Friday, 25 March 2011

Hidden book launch at the Owl Bookshop, Kentish Town

Launching a ship involves smashing a bottle of champagne against the hull. This is usually accompanied by lots of cheering as the impressive feat of human engineering slides down the slipway into the sea. In all honesty, it would be difficult to apply the same technique to launch a book (though it might be fun to try). But a book, like a ship, takes a long time and a great deal of human effort to complete, so maybe there is mileage in the comparison.
However, the Owl Bookshop in Kentish Town has a lot more literary ambience than your average shipyard. On Tuesday evening a good crowd gathered to squeeze between the aisles and cheer, as Miriam Halahmy metaphorically swung her bottle of champagne against the hull of the good ship Hidden (the first of the Hayling Cycle fleet) and launched it into the world. Given that the sea plays a crucial role in the story, perhaps you'll forgive the analogy, especially as Miriam herself said in the opening of her speech, "It's great to have you all here, to launch Hidden off the beach of Hayling Island.
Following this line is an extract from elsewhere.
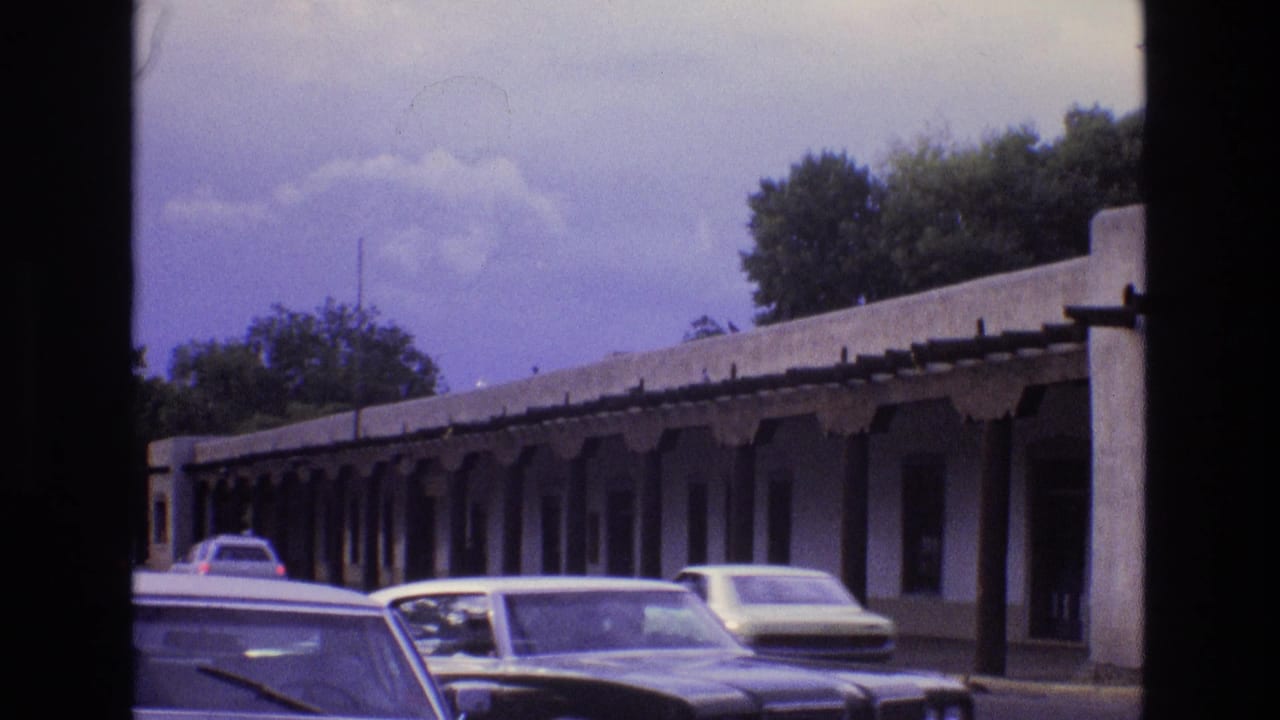 Cars pass a long adobe-style building with a shaded covered walkway.
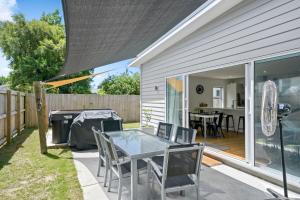 a backyard patio with a glass table and chairs at Contemporary Comfort - Masterton Holiday Home in Masterton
It's floating out to sea and it's got to make its own way now." 
Some of those gathered on the quayside: Bex Hill, Miriam, Christina Vinall, Nick Cross, Savita Kalhan, Caroline Green and some bald bloke in a seventies leather jacket.
If you don't know the background to Hidden, then check out my interview with Miriam. In it, she talks about her writing process and the inspiration she found on Hayling Island, as well as offering a sneak preview of the next two books in the series. Better still, grab yourself a copy, lay back in your hammock and settle down for an exciting voyage. 
OK, OK … I'll stop it now.

Friday, 18 March 2011

Fifteen minutes with Miriam Halahmy – Part Two




Hidden, the first book in the Hayling Cycle, by Miriam Halahmy, will be in book shops at the end of the month. For the first part of my interview with Miriam, click here – or read on for part two. 


8. Did you always imagine Hidden as part of a series? When you started, did you have all three books in your head? 
No, when I started Hidden, I think I was very much feeling my way in a new genre, writing for young adults, and I thought this would just be one book. But the trouble is, your characters have minds of their own, well mine do! A minor character in Hidden, the bad girl, Lindy, kept growing and growing until a whole new idea for a book about her emerged. The second book is called Illegal. But two books didn’t somehow feel the right arc and so Jess, a minor character in Illegal, becomes the main character in the third book, Stuffed, along with her boyfriend, Ryan. I have therefore written a cycle of three stand alone novels, with a shared landscape, where a minor character in the previous book becomes the major character in the next. 

9. Can you tell us more about Illegal and Stuffed? 
Illegal is Lindy’s story. Lindy helps Cousin Colin to run his cannabis farm, but then he forces her to push cocaine. Lindy is terrified that she will end up in prison like her older brothers. She must find a way to report Colin to the police without him knowing, otherwise he will kill her. She finds a friend in the mysterious Karl who is mute and drives her around the Island, underage, on his motorbike. 

Stuffed is Jess’ story and also Ryan’s. It is told in alternating first person voices. Both Jess and Ryan make a terrible discovery after they have started their relationship. Each keeps their secret from the other. Will their love survive the pressures they find themselves under? 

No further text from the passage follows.